O porteiro, com sorriso sarcástico e camisa azul claro para dentro da calça marinho, disparou. “Shht. Ei? São vocês os meninos do quarenta e um? Então é pra subir”.

Fui sacado de uma grande decisão antes do intervalo. Marchamos para casa. Cruzamos o portão e subimos até o quarto andar. A porta já aberta denunciava algo de grande: um assalto, a visita do Kofi Annan, ou a chegada de uma nova máquina lava-louça.

Minha avó chorava na sala de visitas. O telefone tocava como numa central de telemarketing. A empregada não dava conta dos recados que, àquela hora, já passavam dos cem.

- Filho, senta aqui. A mamãe tem uma coisa pra dizer.
- Manda. (Eu no auge dos nove anos já conseguia arquear de forma assimétrica minhas sobrancelhas para mostrar espanto ou temor).
- Sua irmã virou mocinha.Se estivéssemos no horário nobre, ouviria nesse exato momento, uma música meio assim: flam flam flaaaamm... flam flam flam.
- Quê?
- A Nani virou mocinha. (e ela também desatou a chorar)

Para mim, aquilo soava mais estranho do que aquela história do pintinho da feira de Cães e Gatos encontrada morto, dentro do chinelo de couro do meu pai.

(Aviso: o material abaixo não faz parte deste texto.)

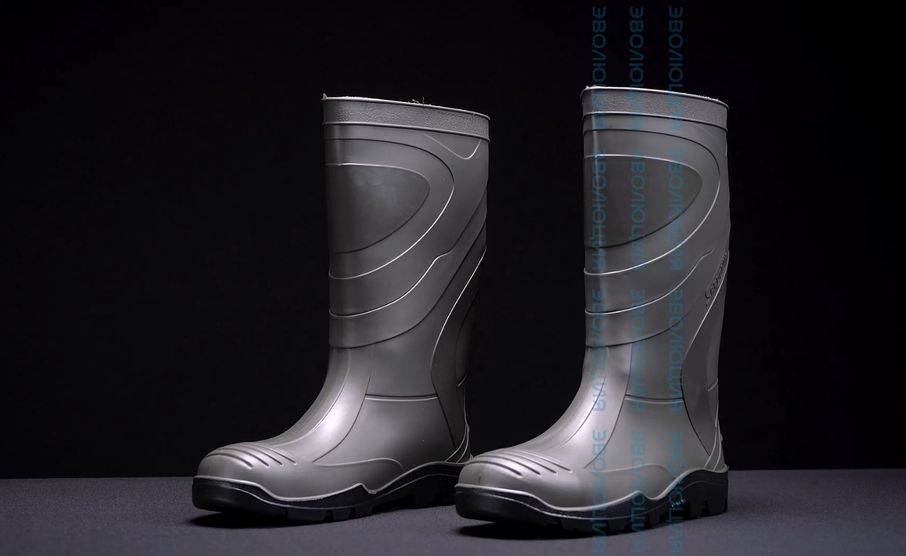 Сапоги ПВХ «Профессионал» (с подноском)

Não tive escolha. Apenas sorri e fui para o quarto.

Como minha irmã, do sexo feminino, podia ter se tornando uma mocinha? A cabeça de uma criança de 9 anos é um terreno fértil a espera de invasões sem terra, mas inchadas e rastelos não fariam a reforma agrária necessária para responder tantas perguntas.

A lista de parabenizações não parava. Meu pai ligou do escritório. Meu primo, então com 15 anos, ligou do México, assim como uma infinidade de gente beirando o terceiro grau de parentesco.

Quer dizer que agora eu sou irmão de uma mocinha? Preciso tirar outro RG? Ah tá, entendi.

Não me lembro de ter dado os merecidos parabéns a ela, por isso, faço agora em público, mostrando todo o meu orgulho pelo ocorrido. Boa mocinha. Juízo agora, hein?